Il motore della Storia sono i milioni di uomini che lottano con le loro inadeguatezze, con le loro paure e le loro ambiguità. Persone che non prendono decisioni nette, ma che fanno del loro meglio. Magari sbagliano, magari reagiscono troppo tardi, ma comunque cercano di resistere ai loro istinti e, anche se non sempre l’hanno vinta, scelgono di andare controcorrente per continuare a sentirsi umani. Io no. Io sapevo quale fosse la cosa giusta da fare, io sapevo quale decisione sarebbe stata in linea con il principio di giustizia a cui questa corte si ispira. Invece abbiamo condannato Drazen Erdemovic con un compromesso odioso di cui io sono stato l’artefice decisivo, condannato perché non doveva trovarsi lì, perché dall’arruolamento avrebbe dovuto immaginare che sarebbe finito in una fattoria a giustiziare vecchi e bambini.



Lo avrebbe dovuto intuire perché giravano molte voci a riguardo, lo avrebbe dovuto immaginare perché questo è quello che succede quando ci si arruola nell’esercito. Ci troviamo davanti al più grande crimine compiuto in Europa dalla fine della seconda guerra mondiale e noi pretendiamo che l’imputato avrebbe dovuto in qualche modo immaginarlo. Non un fanatico, non un giovane che ha subito il lavaggio del cervello, ma uno degli ultimi a prendere parte al conflitto, quando tutte le altre alternative erano esaurite, per sfamare moglie e figlia. Può esistere la giustizia degli uomini? Possiamo davvero fare giustizia come esseri umani? Esseri umani spesso guidati dal più alto desiderio di equità, ma pur sempre figli della loro storia e dei loro piccoli problemi quotidiani, di inezie che possono portare a cambiare l’ordine degli eventi.



L’ordine. L’unica ambizione a cui una corte può aspirare è quella di riportare ordine, far sì che la società sopravviva a se stessa e ai suoi impulsi autodistruttivi. Giustizia vuol dire equità, ma la vera equità è possibile solo ripristinando l’ordine iniziale, quello che il crimine ha modificato. Tutto il resto è nel migliore dei casi un tentativo di creare una lettura condivisa della Storia, mentre nel peggiore è vendetta.
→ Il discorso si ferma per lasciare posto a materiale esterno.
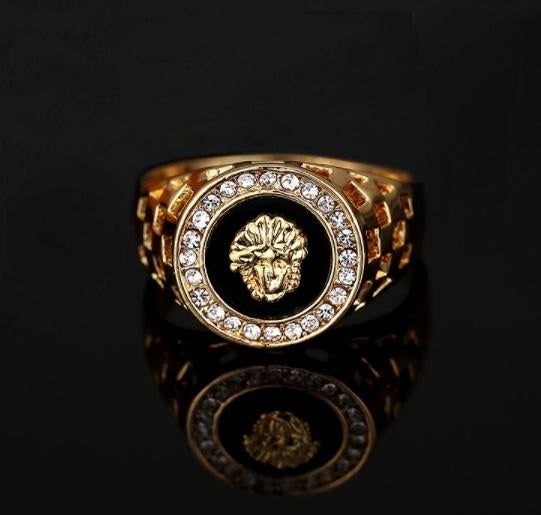 18K goud verguld heren ring van leeuw met zirkonen, Sieraden, Tassen en Uiterlijk, Ringen, 20 of groter, IJzer of Staal, Heer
Con la risoluzione 819 del 16 aprile 1993 dell’Onu la comunità internazionale che noi qui rappresentiamo decreta la fine dell’enclave di Srebrenica. La giustizia doveva essere fatta allora dalla comunità internazionale, quello che è arrivato dopo è un alibi, un tentativo di silenziare una pistola che aveva già sparato. Si arriverà forse un giorno a arrestare i veri carnefici, i pianificatori della strage e i loro zelanti esecutori. Drazen Erdemovic non appartiene a nessuna di queste due categorie. Allora perché ho deciso di condannarlo? (…)



Ho e abbiamo condannato un uomo al carcere per una colpa non sua, per aver deciso di agire come avremmo agito anche noi se ci fossimo trovati al suo posto. Chi di noi avrebbe mai rischiato la vita per mettere in discussione gli ordini ricevuti dall’autorità, per quanto insensati potessero essere? Non occuperà le prime pagine dei giornali, non attirerà l’attenzione della comunità internazionale, ma con questa sentenza abbiamo mandato un messaggio forte e inequivocabile a chiunque si trovasse lì quel giorno. A Srebrenica l’unico modo per restare innocenti era morire“. (tratto da Come fossi solo di Marco Magini, Giunti editore).

A Srebrenica tra il 12 e il 16 luglio del 1995 vennero uccisi circa 10mila musulmani bosniaci. Per non dimenticarli. Per non dimenticare che ognuno di noi avrebbe potuto essere Drazen. Perché non succeda mai più.